Task brief
Give again, exactly and only, the lines running from the one with "14個/セット 1/4インチ六角軸パワーナットアレンキーレン - Power" to the end of the material below; leave out pictures.

Exercise data

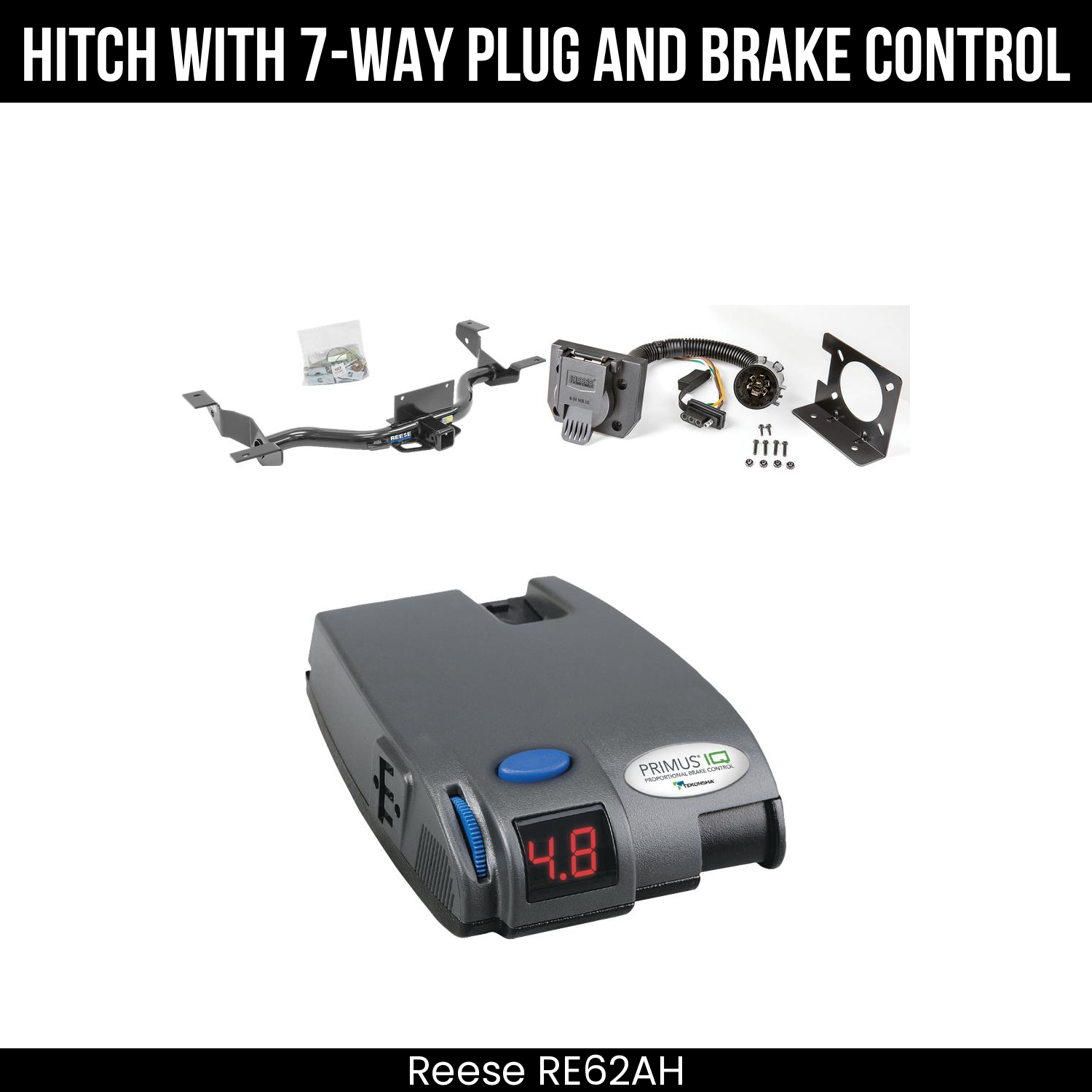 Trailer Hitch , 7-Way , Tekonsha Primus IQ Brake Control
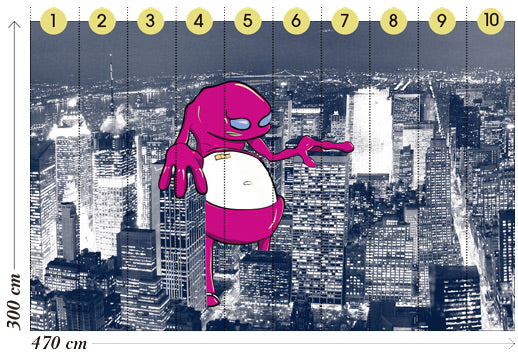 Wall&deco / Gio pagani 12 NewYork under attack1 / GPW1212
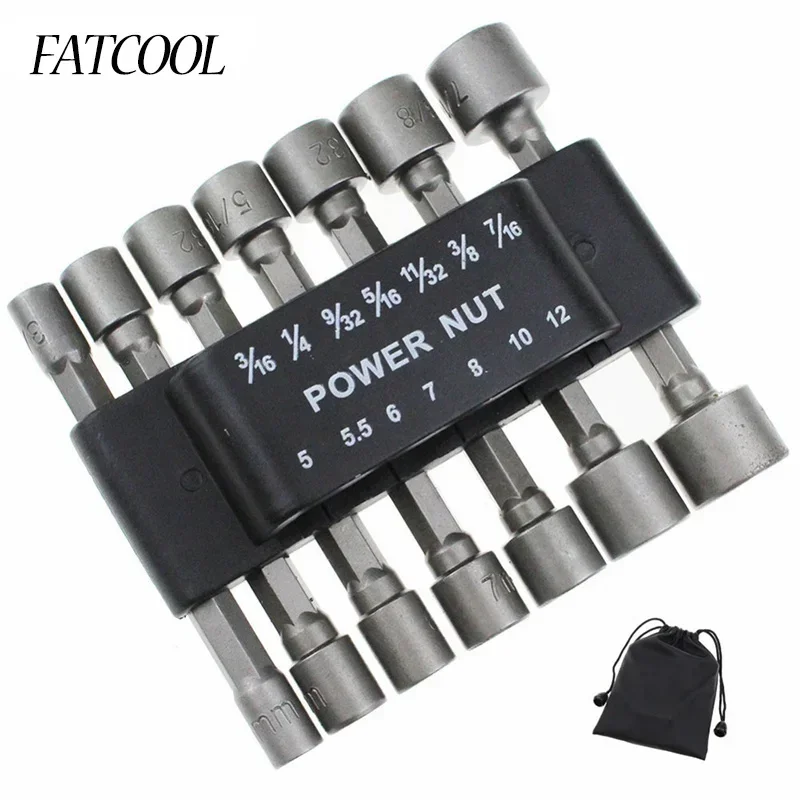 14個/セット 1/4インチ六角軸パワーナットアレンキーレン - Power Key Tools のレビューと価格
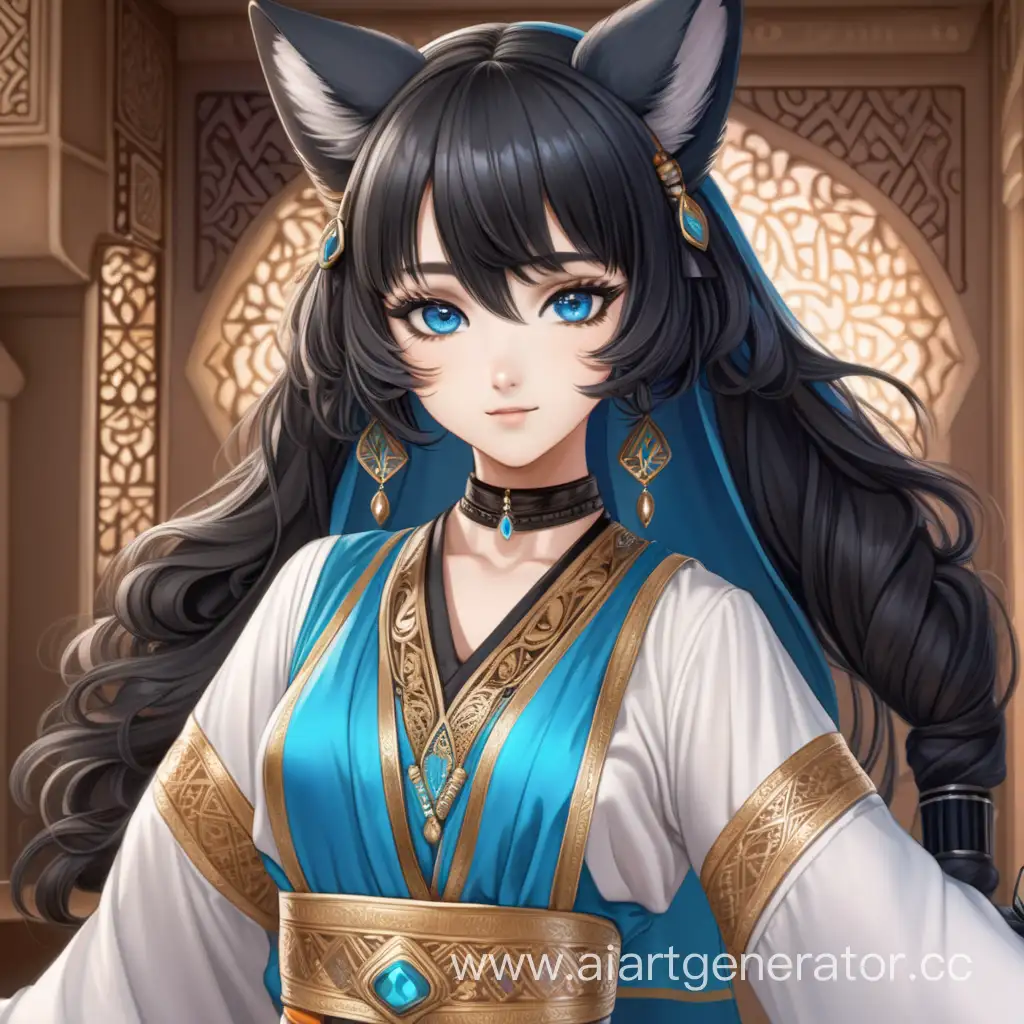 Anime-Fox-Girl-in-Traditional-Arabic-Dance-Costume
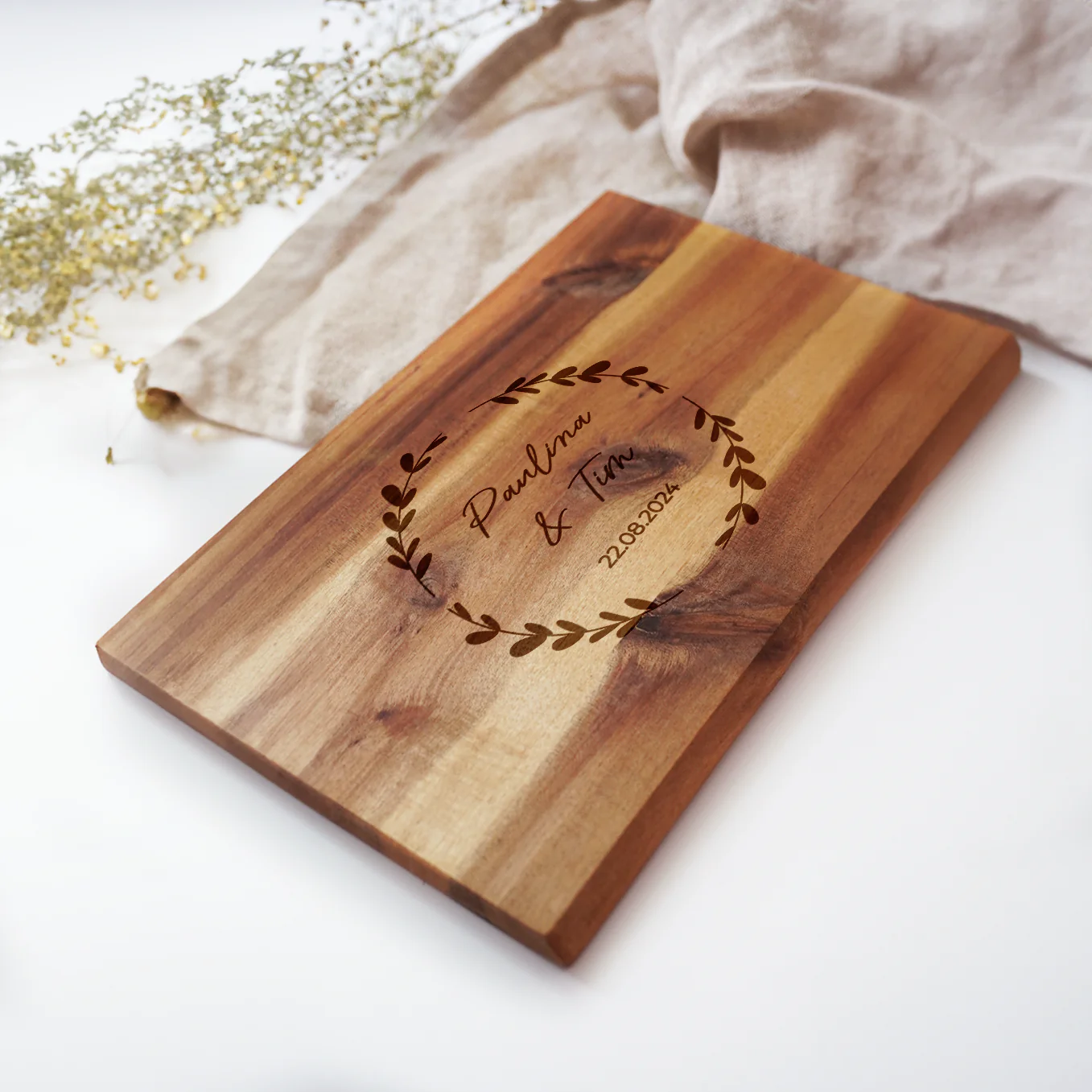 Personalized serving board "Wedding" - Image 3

Solution for this exercise
 14個/セット 1/4インチ六角軸パワーナットアレンキーレン - Power Key Tools のレビューと価格
 Anime-Fox-Girl-in-Traditional-Arabic-Dance-Costume
 Personalized serving board "Wedding" - Image 3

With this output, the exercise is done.